• [About this task] Keep the pictures out of the copy and print all the entries below exactly.

Dataset items
-- Opening Marker --

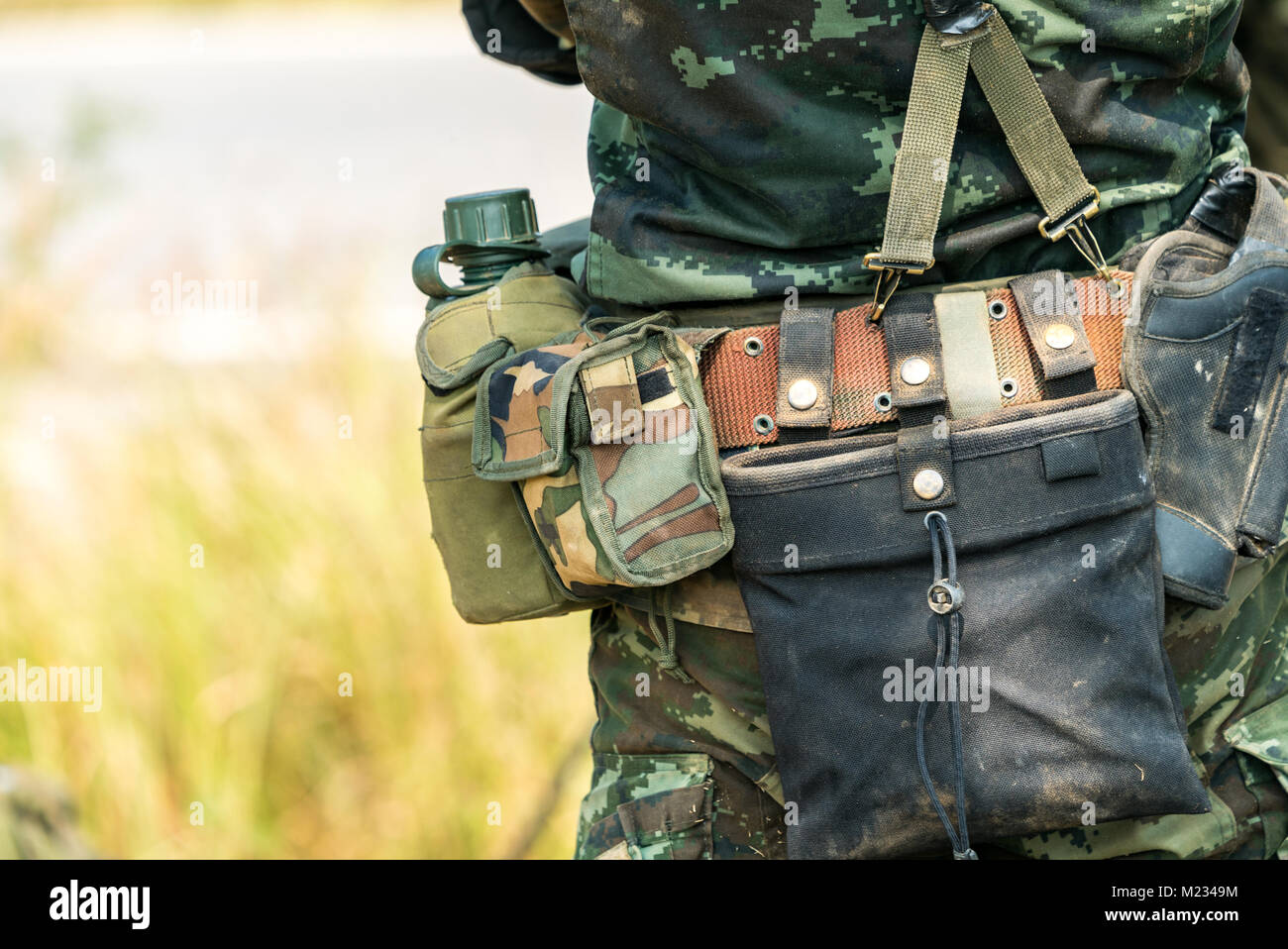 Soilder preparation ready for war and combat and eaiting command. Stock Photo
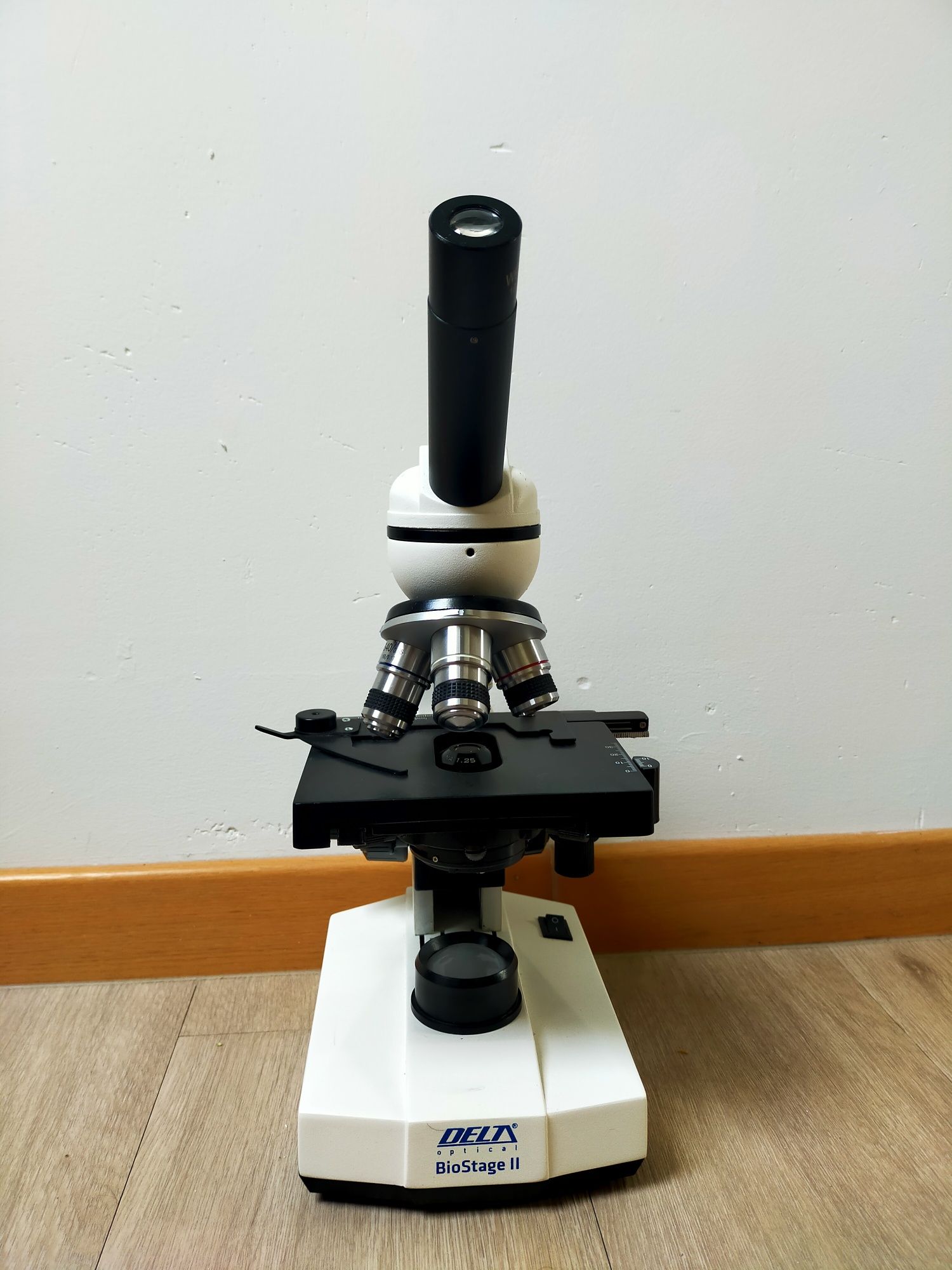 Mikroskop BioStage II, rozbudowany o ciemne pole, darkfield,Delta Opti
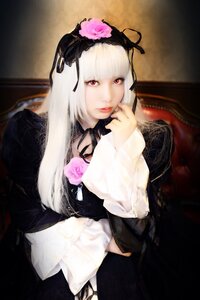 Rating: Safe Score: 0 Tags: 1girl 3d bangs closed_mouth dress flower gothic_lolita hairband lips lolita_fashion long_hair looking_at_viewer red_eyes rose solo suigintou User: admin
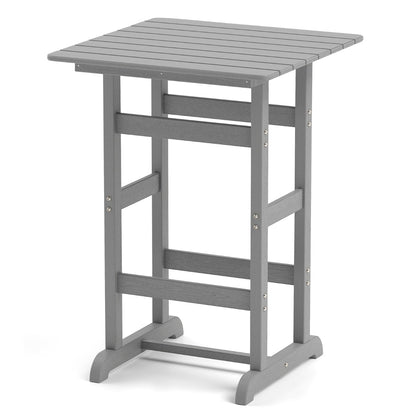 76cm x 76cm Square Bar Table with Slatted Tabletop-Grey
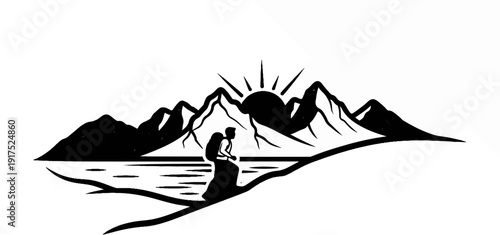 Lone hiker traverses a branch overlooking a lake with mountains and sun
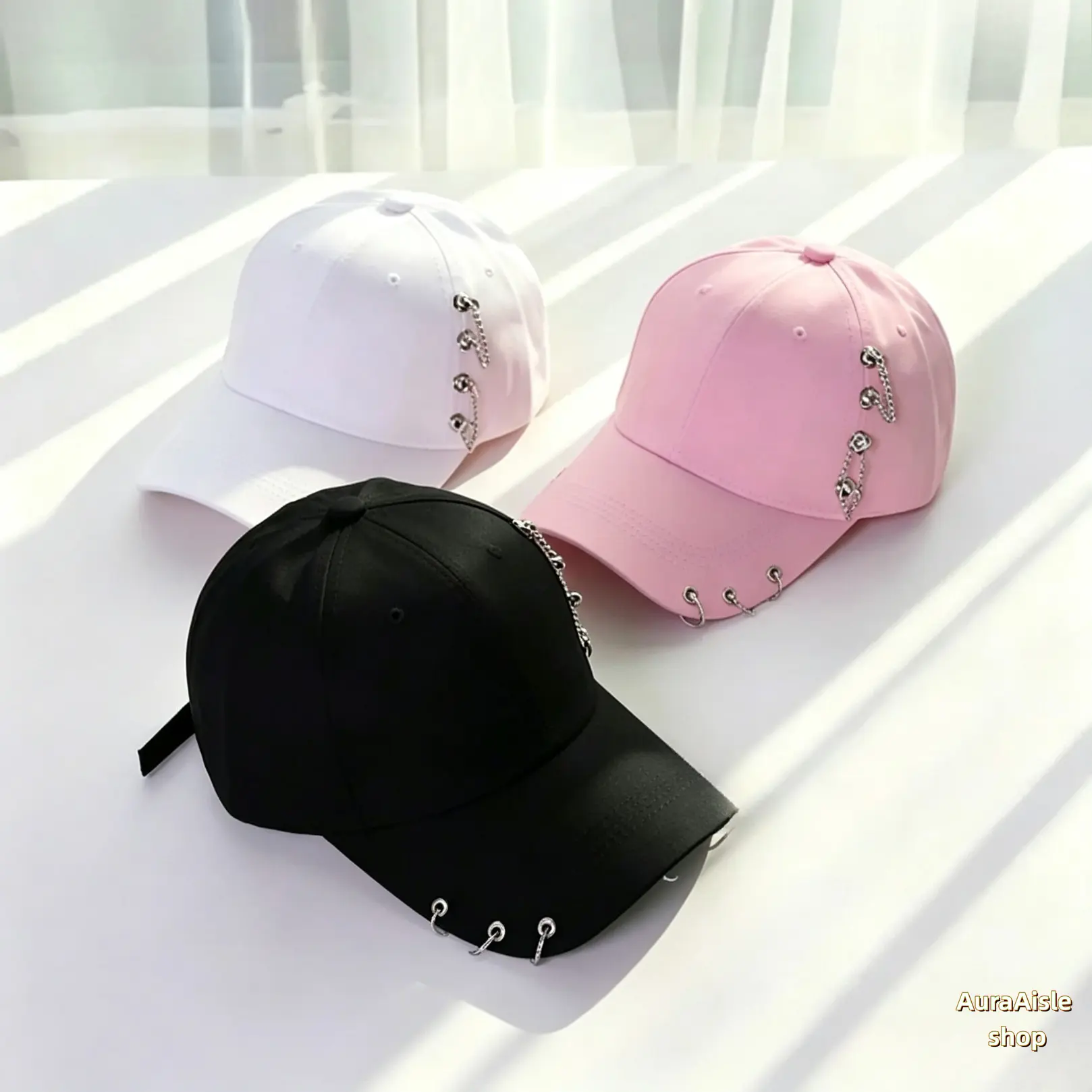 Unisex Adjustable Hip Hop Baseball Cap - Lightweight, Breathable Fabric, Metal Rivets, Chain & Ring Decor, Solid Color Casual Wear Dad Hat for Street Style, Outdoor Travel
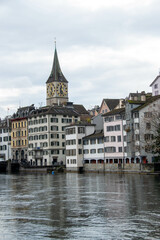 Fototapeta na wymiar Scenic summer view of the Old Town architecture of Zurich
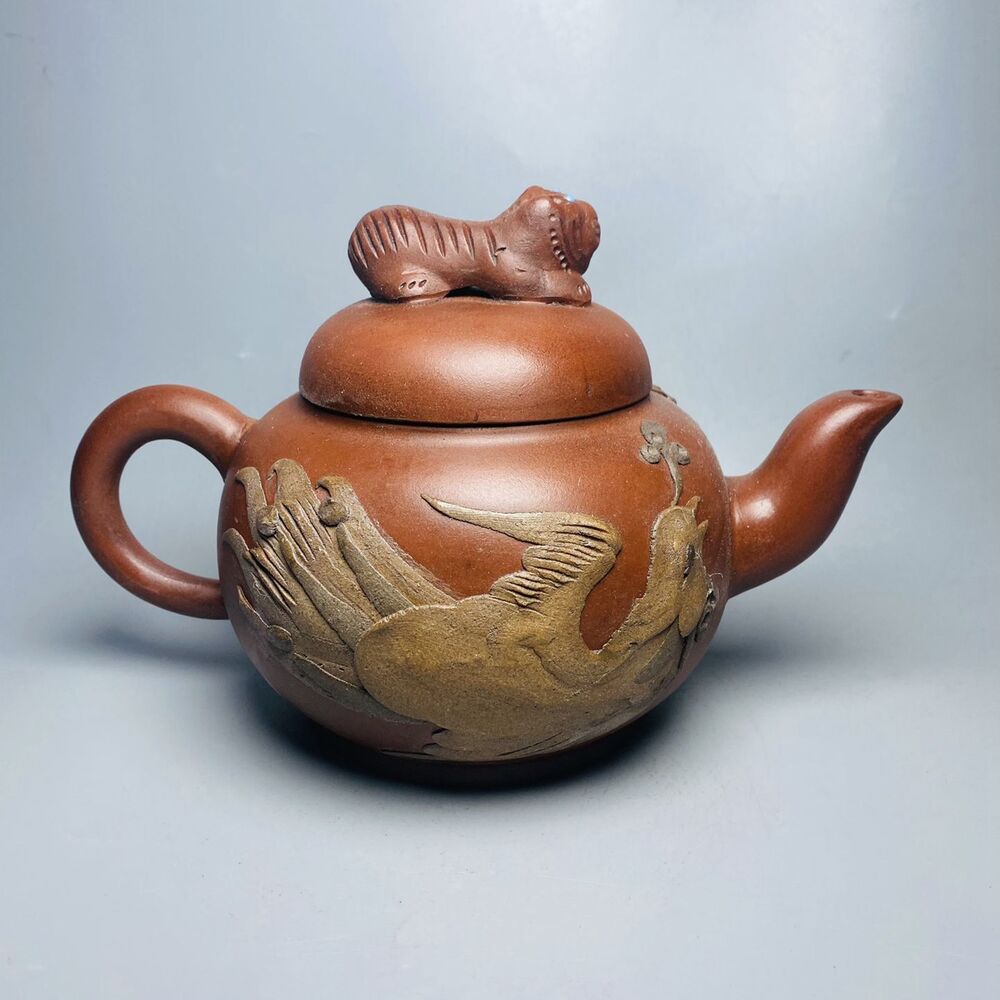 Vintage Chinese Yixing Purple Clay Teapot Zisha Ceramic Carving Dragon Teaware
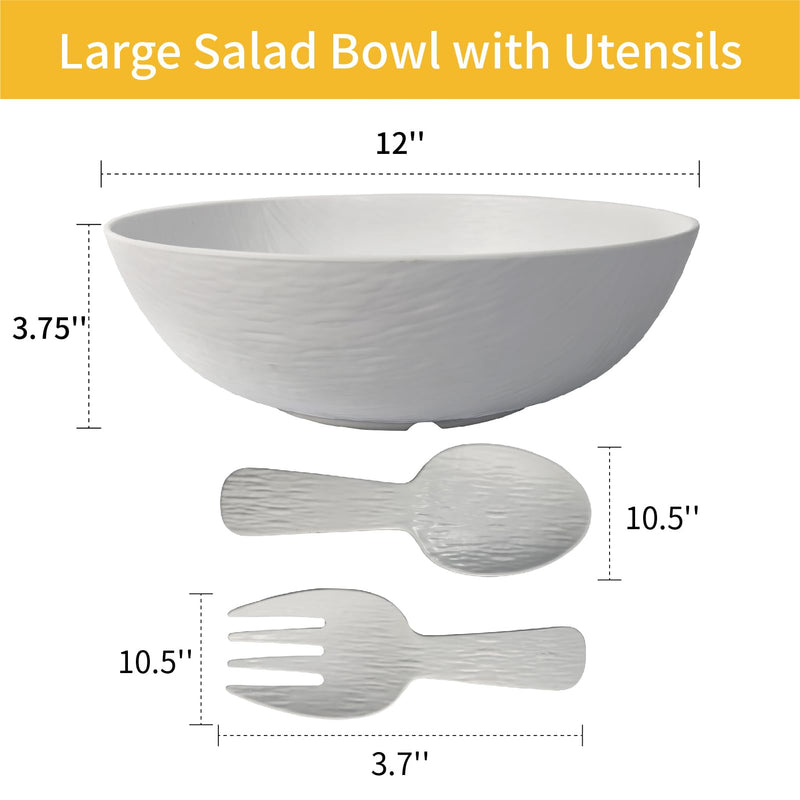 12" Salad Bowl, White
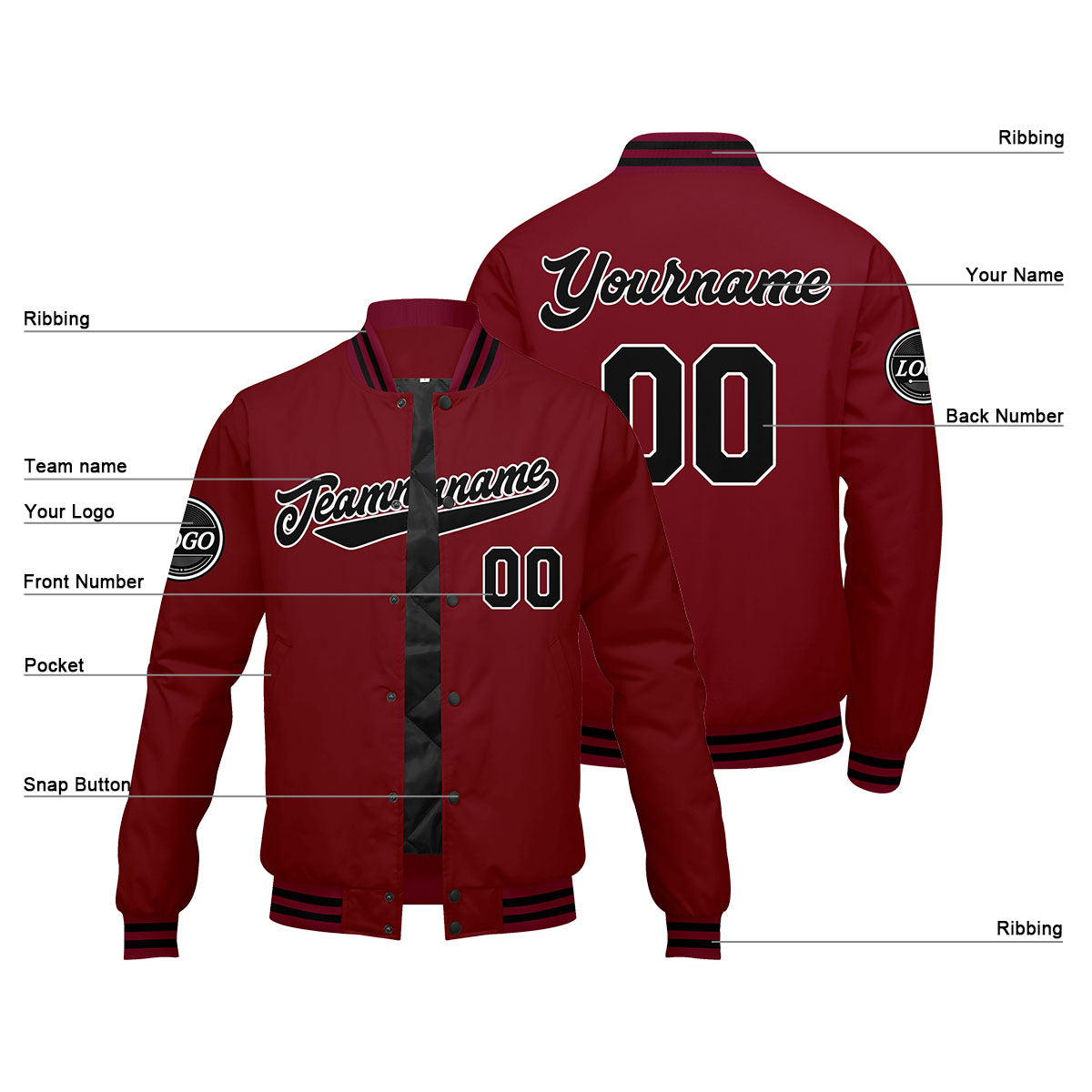 Custom Varsity Jacket Letterman jacket for Men, Women and Youth Crimson Black enthsush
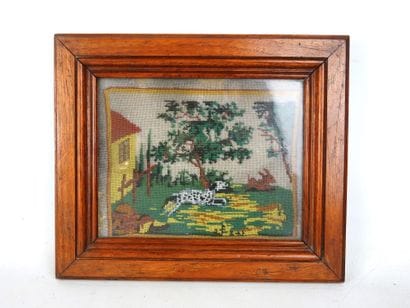 Antique beaded embroidery depicting a hunting...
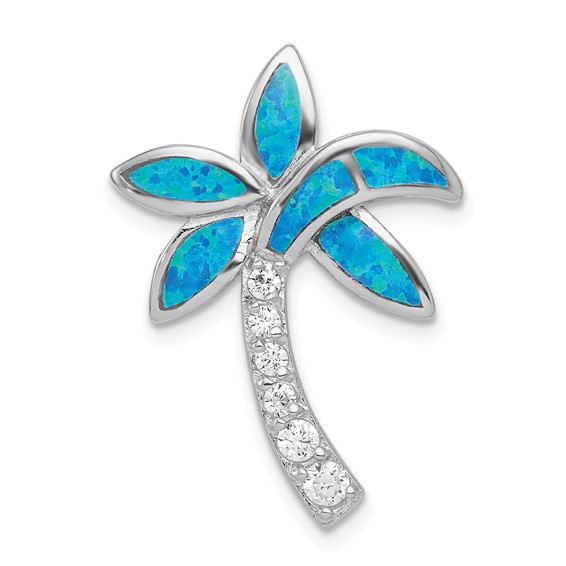 Sterling Silver Rhod-pltd CZ Blue Inlay Created Opal Palm Tree Slide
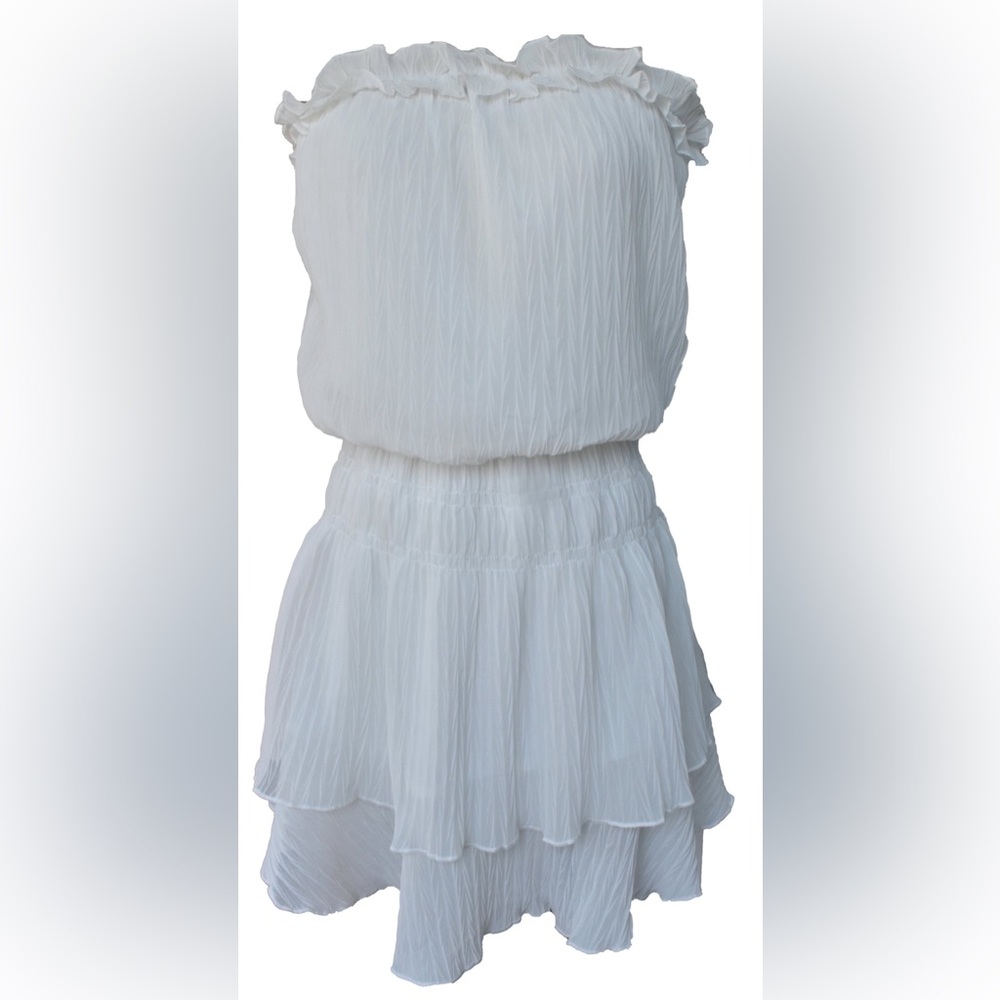 Glam White Strapless Ruffle Mini Dress size small - Picture 6 of 6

-- Closing Marker --

• [Your solution]
 Soilder preparation ready for war and combat and eaiting command. Stock Photo
 Mikroskop BioStage II, rozbudowany o ciemne pole, darkfield,Delta Opti
 Rating: Safe Score: 0 Tags: 1girl 3d bangs closed_mouth dress flower gothic_lolita hairband lips lolita_fashion long_hair looking_at_viewer red_eyes rose solo suigintou User: admin
 76cm x 76cm Square Bar Table with Slatted Tabletop-Grey
 Lone hiker traverses a branch overlooking a lake with mountains and sun
 Unisex Adjustable Hip Hop Baseball Cap - Lightweight, Breathable Fabric, Metal Rivets, Chain & Ring Decor, Solid Color Casual Wear Dad Hat for Street Style, Outdoor Travel
 Fototapeta na wymiar Scenic summer view of the Old Town architecture of Zurich
 Vintage Chinese Yixing Purple Clay Teapot Zisha Ceramic Carving Dragon Teaware
 12" Salad Bowl, White
 Custom Varsity Jacket Letterman jacket for Men, Women and Youth Crimson Black enthsush
 Antique beaded embroidery depicting a hunting...
 Sterling Silver Rhod-pltd CZ Blue Inlay Created Opal Palm Tree Slide
 Glam White Strapless Ruffle Mini Dress size small - Picture 6 of 6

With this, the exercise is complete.